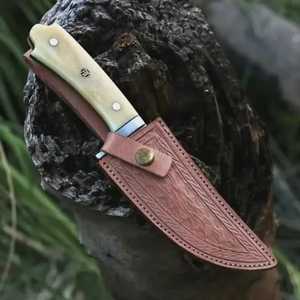 Cuchillo portátil personalizable al por mayor OEM ODM hecho a mano de acero al carbono recto de grado industrial con mango de hueso para camping al aire libre - Product Image 4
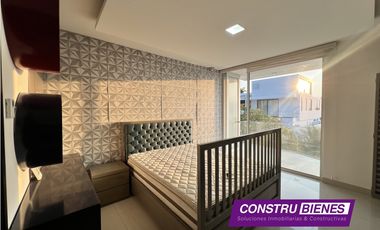 Exclusiva casa con piscina vista al mar en Urb. Marina Blue, Manta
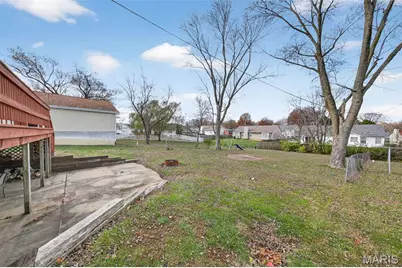 505 Blumhoff Avenue, Wentzville, MO 63385 - Photo 2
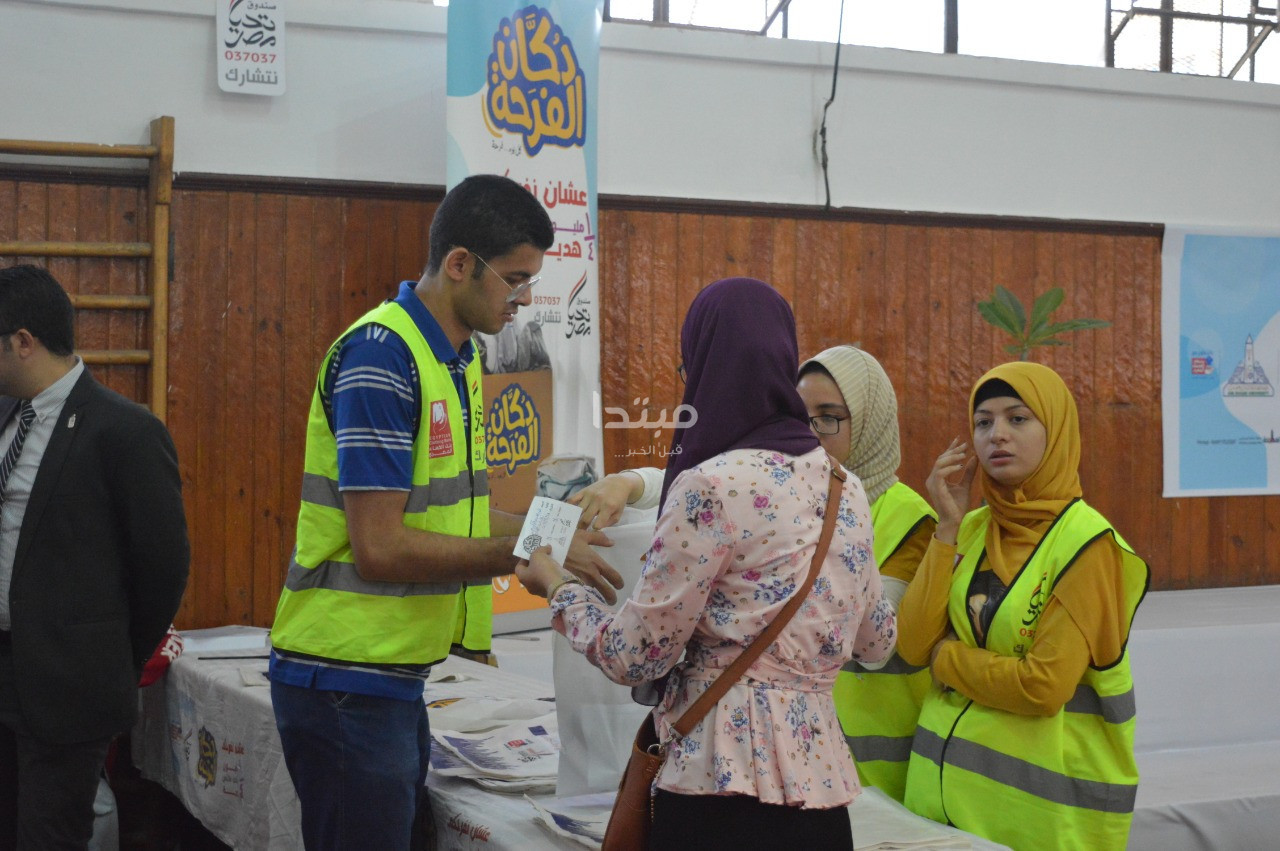 افتاح معرض دكان الفرحة بجامعة عين شمس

REQUIRED ACTION
Your answer should hold only the lines from the one with "Exclusiva casa con" through the final line of the listing above, transcribed exactly and without pictures.

EXERCISE RESULT
 Exclusiva casa con piscina vista al mar en Urb. Marina Blue, Manta
 505 Blumhoff Avenue, Wentzville, MO 63385 - Photo 2
 افتاح معرض دكان الفرحة بجامعة عين شمس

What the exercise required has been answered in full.